A typical micron gauge.

Preventing Problems

A micron gauge measures the amount of air or "noncondensables" and moisture in a system. The unit of measurement used is a "micron." The gauge is placed between the vacuum pump and the middle port of your manifold set. The lower the micron reading, the deeper the vacuum. The deeper the vacuum, the lower the amount of air and moisture in any given system. Why is this tool necessary? It can help you prevent problems like the following.

Potential Problem #1

If moisture is left in the system, some of it will turn to ice when refrigerant is introduced into the system. If enough moisture is left, larger ice particles will form and can block the cap tube or piston, causing a restriction in the metering device.

Potential Problem #2

If moisture and air are left in the system, they can form acids when combined with chlorine (which comes from CFC or HCFC refrigerants such as R-12 and R-22) and oils (from the compressor). Over time, these acids eat away at the compressor's motor windings and cause premature compressor failure.

Potential Problem #3

If moisture and air are left in the system, they can cause higher than normal head pressures. These pressures can mislead a technician and cause higher discharge valve temperatures, which again can cause premature compressor failure.

Potential Problem #4

If a micron gauge is not used, a small leak will never be detected using conventional gauges. Conventional gauges use inches of mercury (Hg) to measure vacuum. Most gauges go down to 30 inches of Hg. If one inch of Hg (at 32 degrees F) is approximately equal to 25,400 microns of Hg (at 32 degrees F), you can see how much more accurate using the micron gauge tool can be. It is recommended pulling new systems down to 400 microns or even less if time allows. If a leak is left in the system, first you will experience indoor coil freeze-up, then no cooling and/or compressor damage.

Money In Your Pocket

Taking the time to use a micron gauge to check for these potential problems is not only a preventive measure, it can also benefit your reputation as a contractor. Most micron gauges can be purchased for $100-$400 depending on the model - a small investment up front that can save you a lot of money in the long run.

Two More Things

But you're not done yet. Two other practices are recommended in conjunction with using a micron gauge.

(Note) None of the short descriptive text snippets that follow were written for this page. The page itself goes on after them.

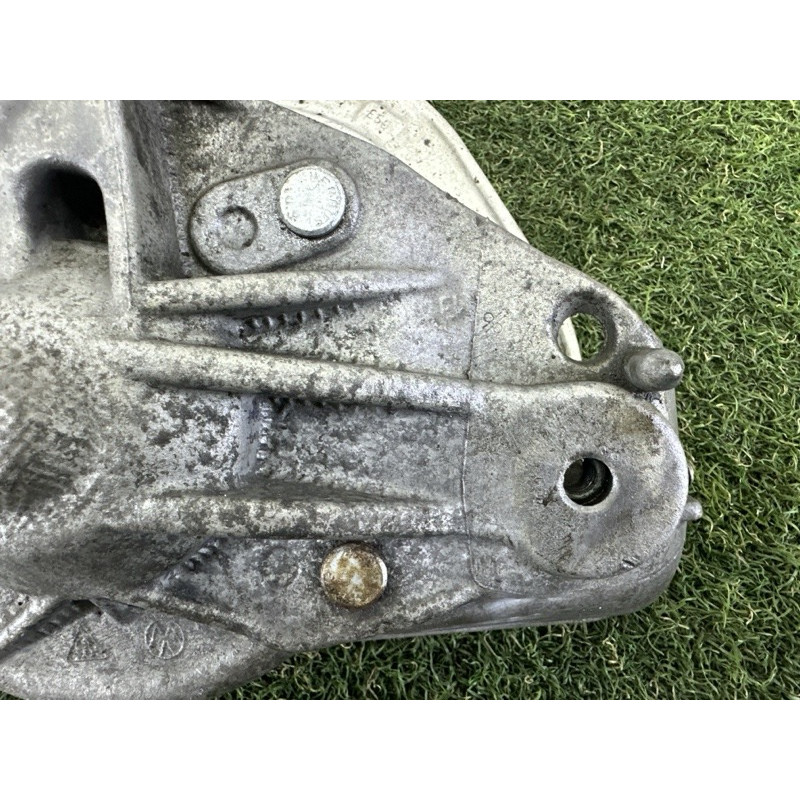 Рычаг подвески (подвеска) AUDI Q7 4L 2015 3.0 CNRB 7L0412391D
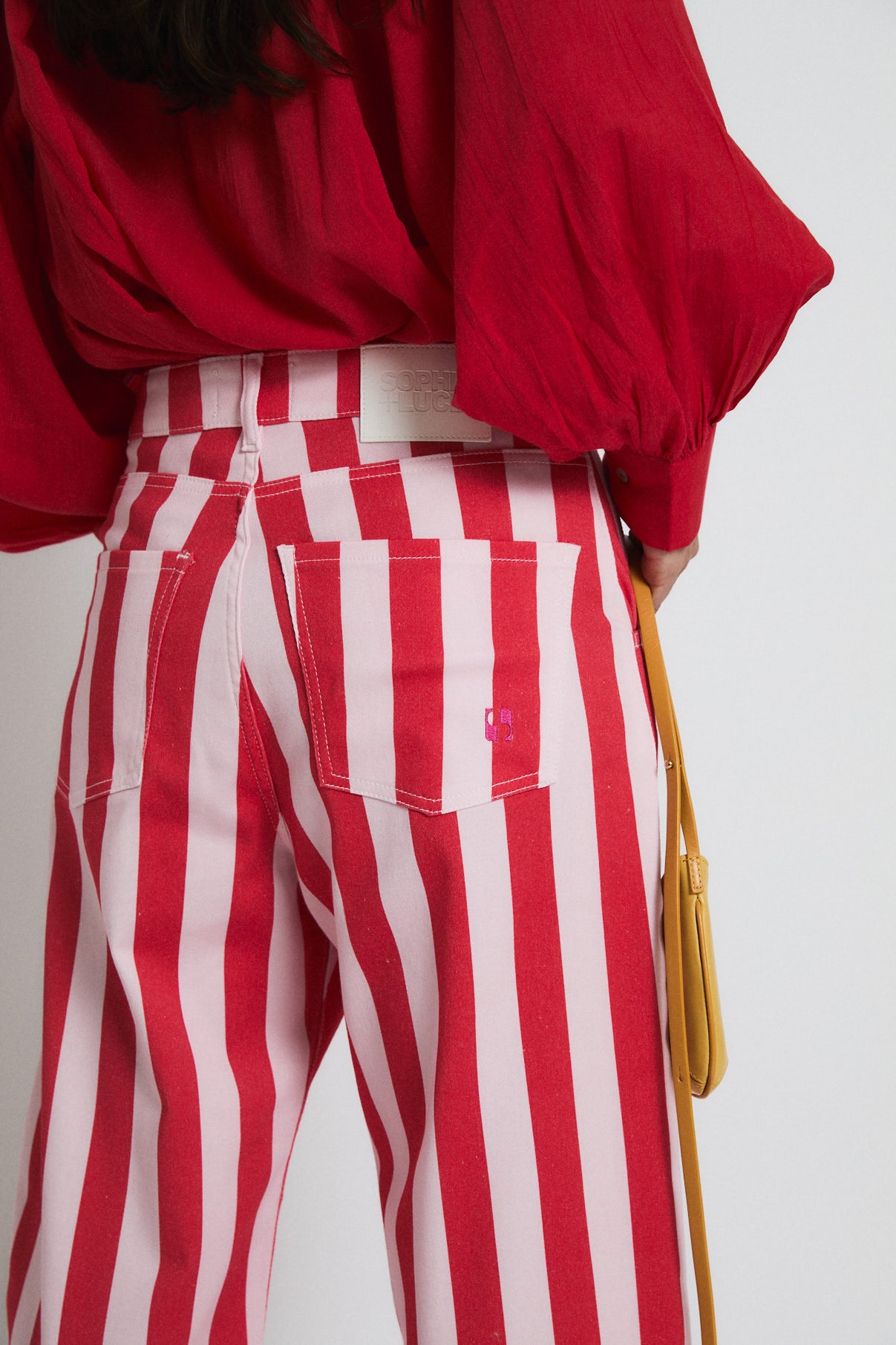 JEANS BOYFRIEND BARRAS ROJO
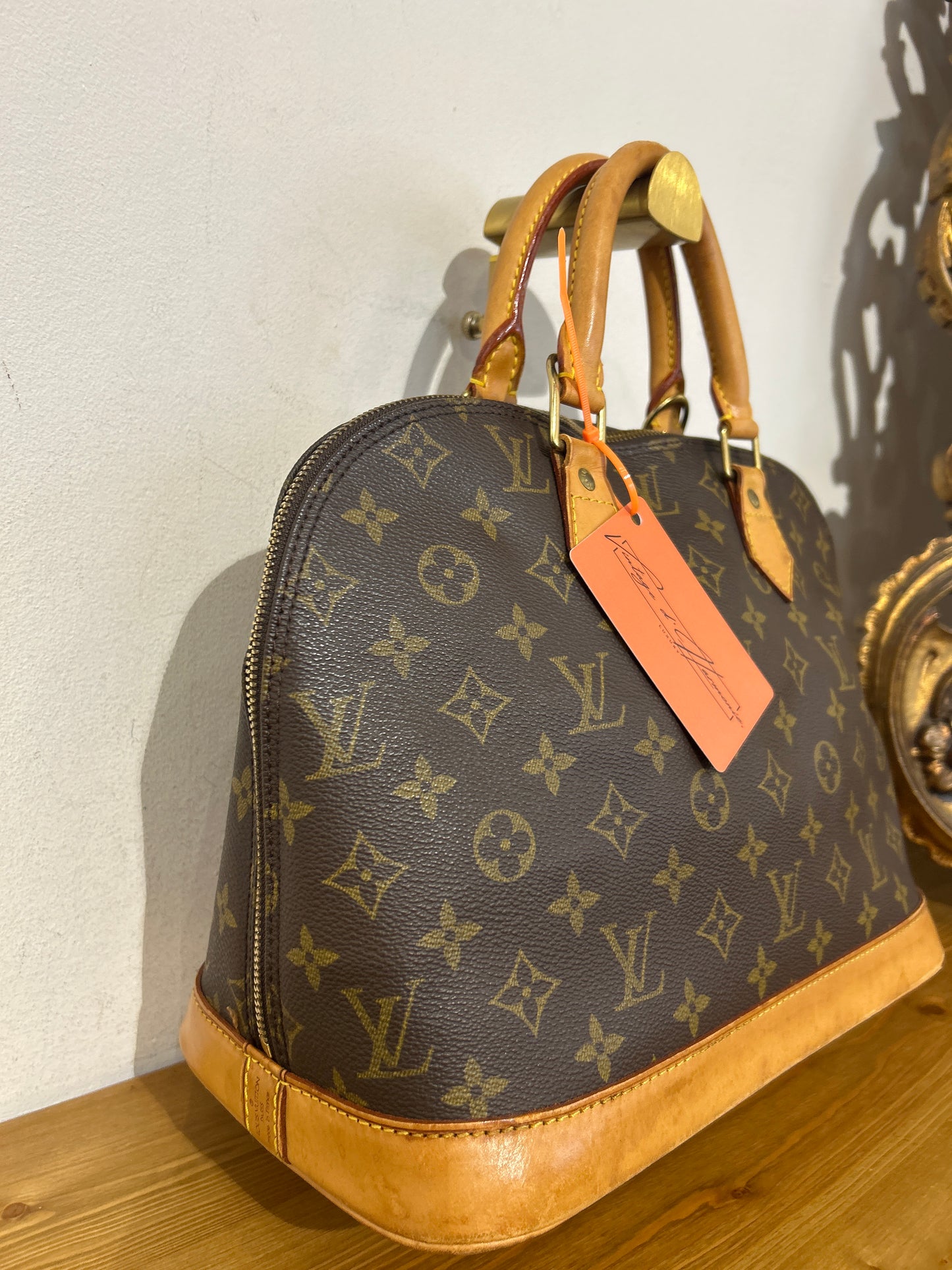 Louis Vuitton Alma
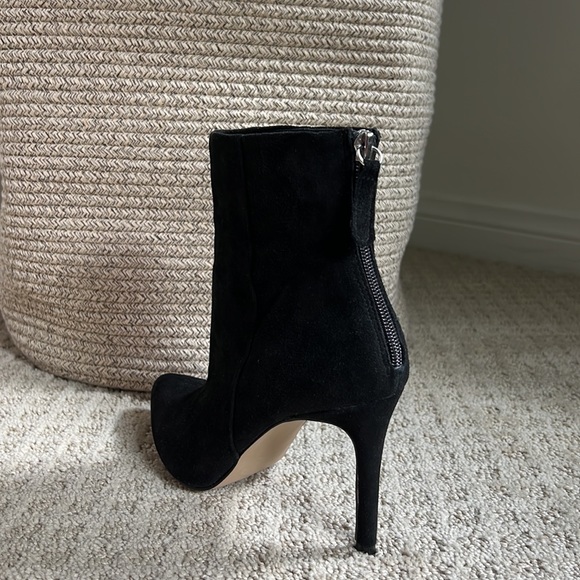 STEVE MADDEN suede booties 7M - Picture 2 of 6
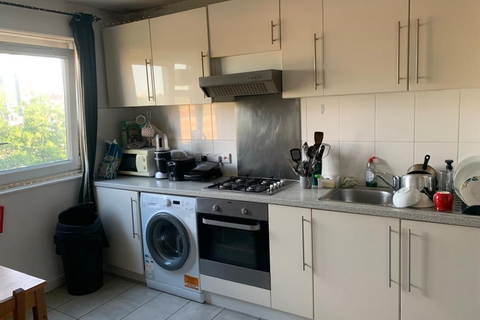 3 bedroom apartment to rent, Cropley Street, London, N1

The first is purging the system one to three times with nitrogen before the pump-down. The nitrogen absorbs moisture and can be released into the atmosphere without any harm. This reduces the start-up time even more.

The second is changing the oil in your vacuum pump regularly. Vacuum pump manufacturers suggest changing it after every use. If the vacuum pump oil becomes cloudy or saturated with moisture, it will reduce pump efficiency and thus increase the time you are at the jobsite.

As you have read, pulling a good vacuum before charging is essential for many reasons. Yet these reasons boil down to money in your pocket. Those who use micron gauges and practice good pump-down techniques know this. Unfortunately, those who don't will eventually learn the hard way.